В центре Гамбурга, на берегу внутреннего озера Альстер, рядом с величественной ратушей, восстановленной после англо-американских бомбежек, стоит небольшой памятник великому немецкому поэту Генриху Гейне. Грустный понурый Гейне, чем-то напоминающий горестный памятник Гоголю в Москве, задвинутый с Арбатской площади за дом, где он умер, стоит, ни на кого не глядя. Как будто предчувствует черные годы фашизма. На четырех стенках постамента укреплены чугунные барельефы, на которых изображены мрачные сцены из времен Холокоста: штурмовики сжигают книги Гейне, свергают памятник и швыряют его в яму с отбросами. Теперь памятник водружен на прежнее место. Надолго ли? Гейне был первым немецким поэтом, которого я услышал в детстве, еще до войны, в первом классе. Я тогда занимался в немецкой группе, где меня обучали немецкому языку, и вот, после Пушкина и русских народных сказок, сразу немецкий стих Генриха Гейне.

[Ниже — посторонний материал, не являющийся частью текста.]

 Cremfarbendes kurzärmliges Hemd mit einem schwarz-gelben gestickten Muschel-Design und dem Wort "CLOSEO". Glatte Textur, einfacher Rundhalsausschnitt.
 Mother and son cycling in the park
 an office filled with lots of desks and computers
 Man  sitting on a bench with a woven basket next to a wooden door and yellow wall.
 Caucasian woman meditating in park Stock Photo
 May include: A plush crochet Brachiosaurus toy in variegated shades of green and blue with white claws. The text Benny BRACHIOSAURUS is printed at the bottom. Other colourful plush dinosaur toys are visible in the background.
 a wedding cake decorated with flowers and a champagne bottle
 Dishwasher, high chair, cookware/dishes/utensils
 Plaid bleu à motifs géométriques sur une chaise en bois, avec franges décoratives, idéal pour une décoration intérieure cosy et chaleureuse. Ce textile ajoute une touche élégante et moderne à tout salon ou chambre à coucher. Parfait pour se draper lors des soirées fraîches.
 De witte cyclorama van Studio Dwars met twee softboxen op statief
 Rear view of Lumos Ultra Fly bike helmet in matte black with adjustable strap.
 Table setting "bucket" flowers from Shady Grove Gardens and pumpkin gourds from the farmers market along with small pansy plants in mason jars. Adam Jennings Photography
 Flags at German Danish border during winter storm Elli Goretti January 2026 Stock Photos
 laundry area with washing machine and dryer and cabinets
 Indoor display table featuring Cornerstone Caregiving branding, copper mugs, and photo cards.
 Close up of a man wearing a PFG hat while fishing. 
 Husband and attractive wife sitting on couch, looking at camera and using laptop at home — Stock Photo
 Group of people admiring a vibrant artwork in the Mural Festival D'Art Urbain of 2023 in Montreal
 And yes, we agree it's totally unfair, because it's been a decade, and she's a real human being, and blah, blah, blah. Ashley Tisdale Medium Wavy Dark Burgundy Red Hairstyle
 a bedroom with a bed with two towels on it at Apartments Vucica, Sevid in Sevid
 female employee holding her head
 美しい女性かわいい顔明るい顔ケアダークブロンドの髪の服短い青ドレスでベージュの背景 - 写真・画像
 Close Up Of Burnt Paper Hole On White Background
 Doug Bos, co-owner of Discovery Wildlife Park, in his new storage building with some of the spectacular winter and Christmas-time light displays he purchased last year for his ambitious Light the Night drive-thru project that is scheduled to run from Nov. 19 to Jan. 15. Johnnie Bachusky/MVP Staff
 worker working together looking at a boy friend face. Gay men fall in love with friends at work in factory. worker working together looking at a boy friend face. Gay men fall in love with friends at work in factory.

Возможно, именно поэтому Гейне был и остается моим самым любимым из всех немецких поэтов. Когда я попадаю в старые районы немецких городов, то вспоминаю его знаменитую поэму «Германия». И дух гейневской поэзии снова охватывает меня, как в далеком детстве, когда я, конечно, и мечтать не мог о том, чтобы увидеть немецкие города. Гейне прошел тот же горький путь, что и его народ. И сейчас вернулся обратно, в родную Германию, вернув себе звание великого немецкого поэта. Когда я стою на ратушной площади Гамбурга и смотрю на этот памятник, то всегда думаю о судьбе Гейне и о судьбах тех евреев, которые увеличили славу немецкого языка и культуру немецкого народа.